Buitenlandse beleggingsfondsen moeten een vervangende betaling berekenen over hun wereldwinst om vergelijkbaar te zijn met een fiscale beleggingsinstelling.
Een gemachtigde van diverse buitenlandse beleggingsfondsen was een zeer groot aantal beroepsprocedures begonnen. Daarbij deed hij onder meer een beroep op het Unierecht om zo een teruggaaf van dividendbelasting te krijgen voor zijn cliënten. De beleggingsfondsen zouden namelijk zijn te vergelijken met de fiscale beleggingsinstelling (fbi). De rechtbank vroeg de gemachtigde of de beleggingsfondsen akkoord gingen met een zogeheten vervangende betaling. Dit is een betaling ter vervanging van de niet-geheven dividendbelasting. Zie ook: ‘Instemming met vervangende betaling kon fbi-status redden’ en ‘Buitenlands beleggingsfonds krijgt dividendbelasting terug’. Het primaire standpunt van de beleggingsfondsen was dat de eis van de vervangende betaling in strijd was met het Unierecht. Maar zij gingen subsidiair wel akkoord met een vervangende betaling.

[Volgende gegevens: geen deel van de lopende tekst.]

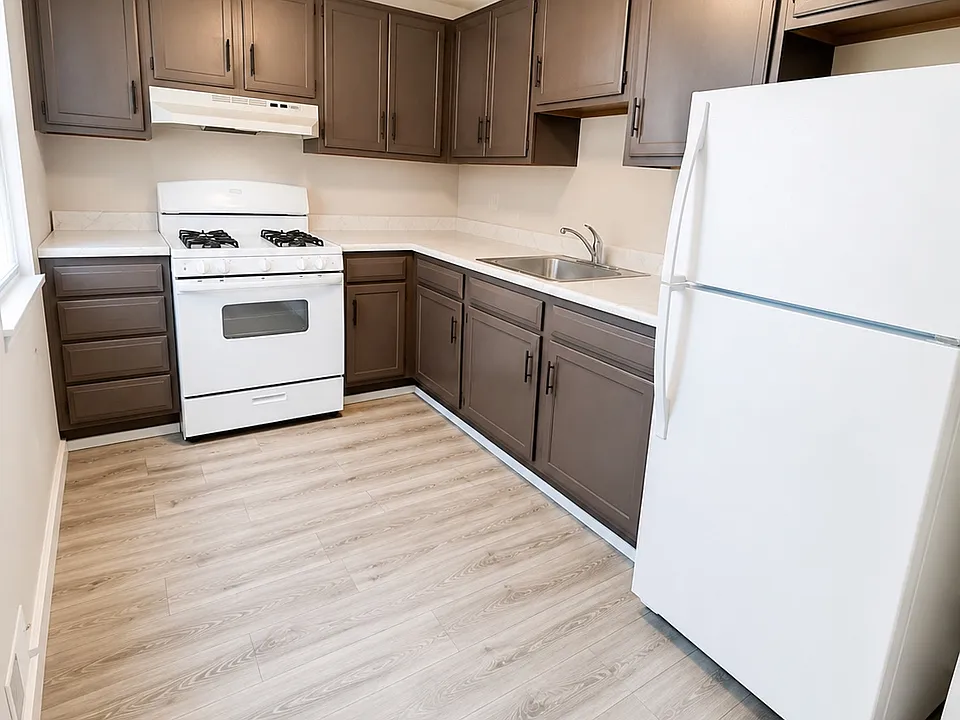 321 Ella St #10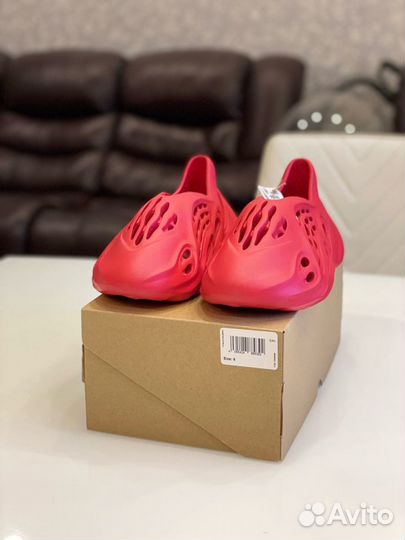 Adidas Yeezy Foam rnnr Vermillion (6 / 9 US)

Betaling berekenen over wereldwinst
Het probleem was echter dat de beleggingsfondsen de vervangende betaling alleen berekenden over de Nederlandse winst. Maar de Hoge Raad heeft bepaald dat men de vervangende betaling moet berekenen over de wereldwinst. Dat is een wezenlijk andere wijze, aldus de rechtbank. De rechtbank oordeelt daarom dat de buitenlandse beleggingsfondsen onvoldoende zijn te vergelijken met een fbi. Dat betekent dat tot en met 2007 de Belastingdienst de toepassing van de afdrachtvermindering van dividendbelasting terecht heeft geweigerd.